Although individuals between cycles are generally healthy and symptoms tend to improve in adulthood, it is advised avoiding activities prone to injuries, to have regular oral and dental care, and BCG vaccine to be avoided. It is advised monitoring white blood cells several times a year. The treatment following the symptoms should be immediate to prevent infections, especially during a fever when it requires broad-spectrum antibiotic therapy (see febrile neutropenia). The most important and often life-saving treatment is the preventive therapy of granulocyte colony-stimulating factor (G-CSF), in the form of filgrastim, which regulates the production of neutrophils within the bone marrow, but shortens the neutropenic cycle to about 7-14 days and the duration of the severe condition. The subcutaneous injections, with median dosage of 1.5 μg/kg/day, can be given daily, intermittently once every three days, or timed to just treat the neutropenic period. The therapy is considered to be "safe and effective", with no significant adverse effects, besides a possibility of development of osteopenia.

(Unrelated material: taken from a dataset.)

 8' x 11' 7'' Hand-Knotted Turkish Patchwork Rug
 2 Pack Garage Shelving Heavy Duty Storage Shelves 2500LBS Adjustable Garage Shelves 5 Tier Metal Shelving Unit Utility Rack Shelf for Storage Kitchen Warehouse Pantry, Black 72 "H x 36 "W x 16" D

The granulocyte-macrophage colony-stimulating factor (GM-CSF) is less effective with more adverse effects. Another alternative is hematopoietic stem cell transplantation (HSCT), but is usually practiced in SCN, and in one case between two sibling donors, one of which was undergoing HSCT treatment for acute myeloid leukemia (AML) while the second had CyN and whose marrow was transferred, was also transferred CyN through allogeneic marrow grafting. It shows that CyN is a stem cell disorder. Yearly bone marrow examinations are not recommended.

==Prognosis==
There is a very high risk of life-threatening infections and death at an early age. The quality of life and survival greatly improves with G-CSF treatment, which is practiced since the late 1980s. Unlike severe congenital neutropenia, individuals with cyclic neutropenia have a better response to G-CSF and do not have a risk of developing myelodysplastic syndrome (MDS) and acute myeloid leukemia (AML). However, in long-term observation of over 300 patients with CyN, there has been one case of developing chronic myelogenous leukemia (CML) and one of AML, indicating it is also a pre-leukemic condition, but the risk is "very low" (1%), and the risk is "correlated with disease severity rather than with occurrence of an ELANE mutation". According to Donadieu et al. (2011), "the cumulative risk of experiencing at least one serious (potentially life-threatening) infection by age 20 years is similar in patients with permanent and cyclic neutropenia, although the former patients tend to have earlier manifestations".
==History==
First described in 1910, it was suggested and confirmed to have an autosomal dominant (AD) inheritance in the 1940s and 1960s, but was differentiated from congenital neutropenias until the 1990s when were analyzed pedigrees and identified genetic mutations shared by patients with severe congenital neutropenia.